Still, regulators are moving fast (EU CSRD, UAE Net-Zero 2050), and capital will follow disclosure. The real risk is inertia. Profit and purpose aren’t a trade-off—they’re a timing difference. Finance teams that model carbon the way we model cash will win both.
2. How can real estate developers collaborate with communities to ensure that their projects align with broader social responsibility and sustainability goals?
Steel and concrete change skylines, but social licence keeps them standing.
Globally, developers that co-create with communities see faster approvals and lower litigation costs. The playbook is simple: listen early, act visibly, measure honestly. In London’s King’s Cross, Argent formed a resident advisory board that shaped public spaces and retail mix—footfall is now 25 % above forecast.
On my Dubai sites we mirror that with “majlis” forums, opening the drawings to neighbours and subcontractors before piling begins; design tweaks have cut post-handover complaints by 40 %. Sponsoring local events or volunteering is not window-dressing if it links back to project KPIs—think apprenticeship targets, SME procurement quotas, or community Wi-Fi. Digital helps: a blog or WhatsApp channel that publishes noise levels and traffic diversions in real time builds trust faster than any glossy brochure.
Bias watch: engagement costs time; tight programmes tempt shortcuts. Yet Deloitte’s 2024 survey shows every US$1 spent on stakeholder engagement saves US$6-10 in delays. Community ROI is real—and bankable.
3. In the Middle East, how can property developers incorporate responsible sourcing and sustainable materials into their projects, considering the region's climate and resources?
Concrete still rules our skylines, yet materials can make—or break—an ESG scorecard. The UAE market is pivoting: recycled aggregates, low-E glass, and bio-based insulation are moving from pilots to tender specs.
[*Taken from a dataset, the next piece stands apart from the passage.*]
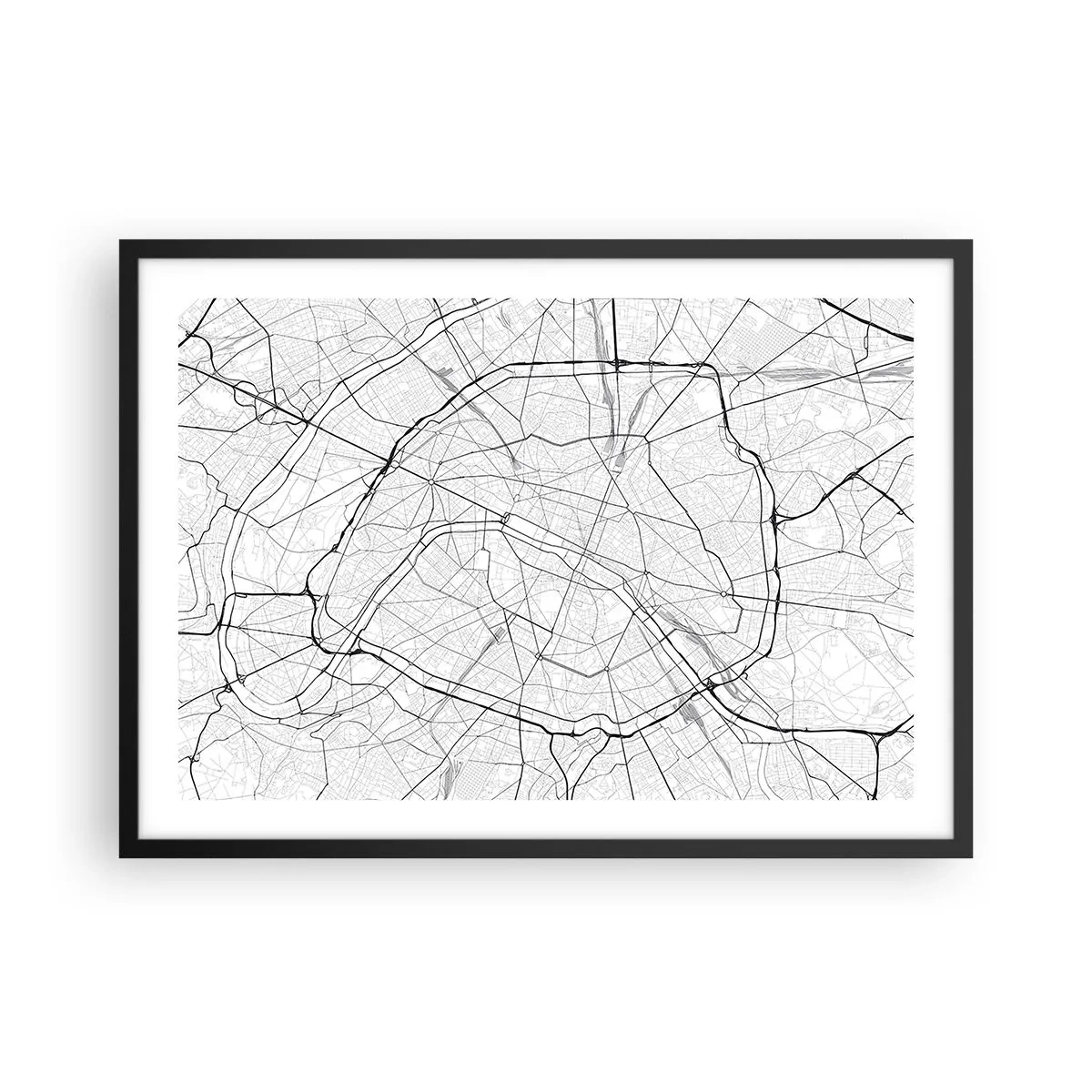 Poster in een zwarte lijst - Parijs bloem - 70x50 cm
Supply-chain due diligence is now part of our pre-qualification of vendors, not a last-minute questionnaire.
Practical steps:
1. Source regionally recycled steel from Abu Dhabi or fly-ash cement from Oman cuts freight emissions.
2. Embed life-cycle assessment (LCA) in BOQs; suppliers providing Environmental Product Declarations win tie-breaks.
3. Bundle energy, water, and material metrics in one dashboard to avoid silo decisions that game the numbers. Financially, Emirates Green Building Council estimates 20-30 % energy savings for compliant builds, with typical paybacks under five years—comfortably within most debt tenors.
Bias watch: premiums fluctuate; green insulation can cost +15 % today but drop as scale grows. Contractors who lock in volume agreements will lead the price curve. Responsible sourcing isn’t just good optics; it future-proofs assets against carbon tariffs and obsolescence.
My takeaway as CFO: treat every PO as a sustainability instrument—the ledger will reward you later.